[Data to examine Boundary: Start]

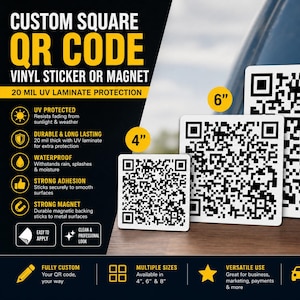 Custom QR Code Vinyl Bumper Sticker, Window Cling or Bumper Sticker Magnet in UV Laminate Coating. your custom URL or Email Address etc.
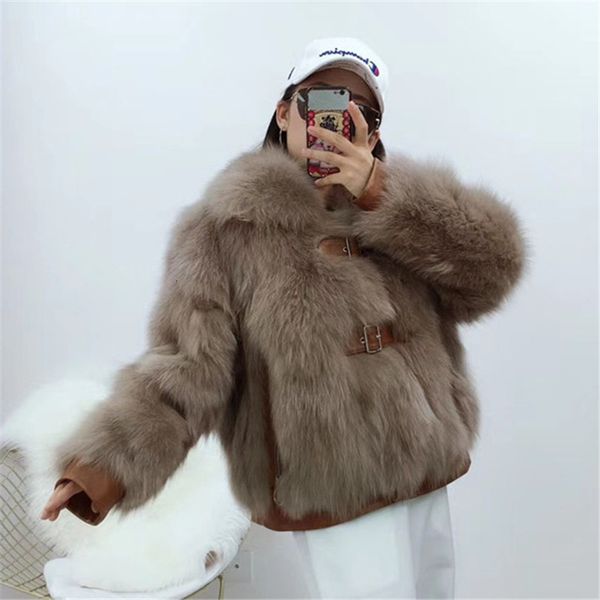 

women's trench coats fashion real fox fur with genuine sheepskin leather wholeskin natural jacket outwear luxury women 2021 winter, Tan;black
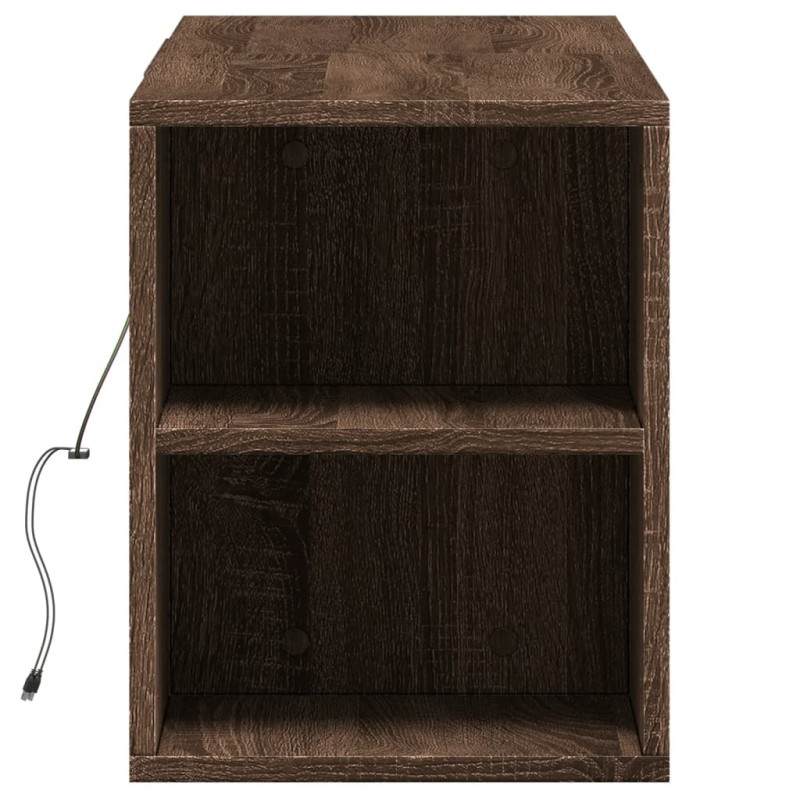 Ścienna szafka TV z LED, brązowy dąb, 135x31x39,5 cm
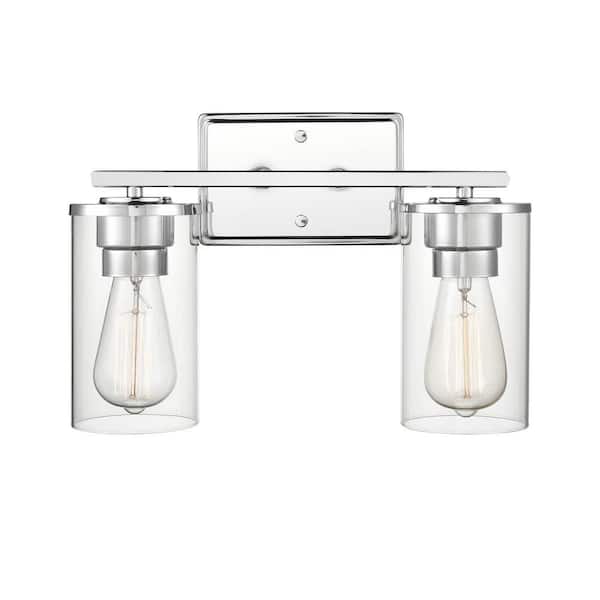 Verlana 14 in. 2-Light Chrome Bathroom Vanity Light with Clear Glass Shade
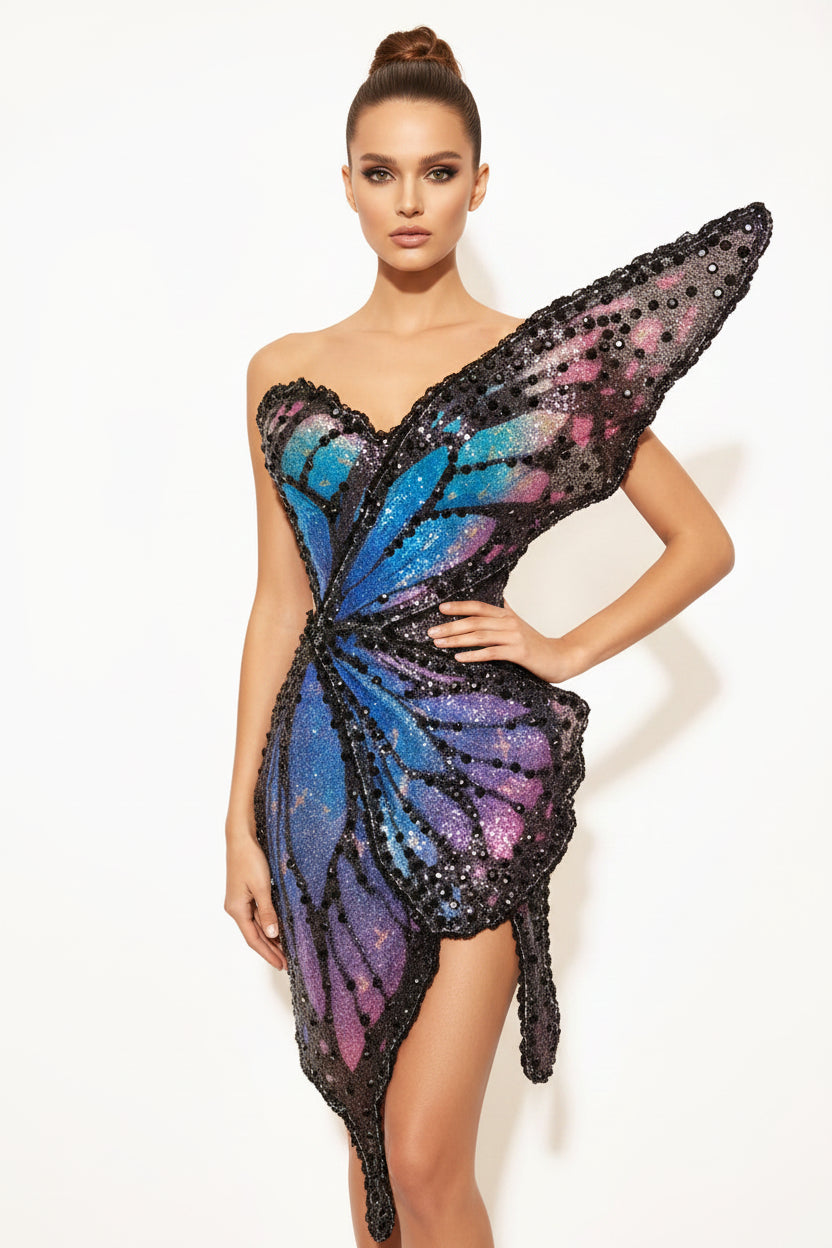 3D Butterfly Wing Asymmetrical Dress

[Data to examine Boundary: End]

Problem statement ::
Reproduce exactly, and only, the lines from the one with "women's trench coats" to the final line of the listing above; the pictures are to be left out.

Response ::
women's trench coats fashion real fox fur with genuine sheepskin leather wholeskin natural jacket outwear luxury women 2021 winter, Tan;black
 Ścienna szafka TV z LED, brązowy dąb, 135x31x39,5 cm
 Verlana 14 in. 2-Light Chrome Bathroom Vanity Light with Clear Glass Shade
 3D Butterfly Wing Asymmetrical Dress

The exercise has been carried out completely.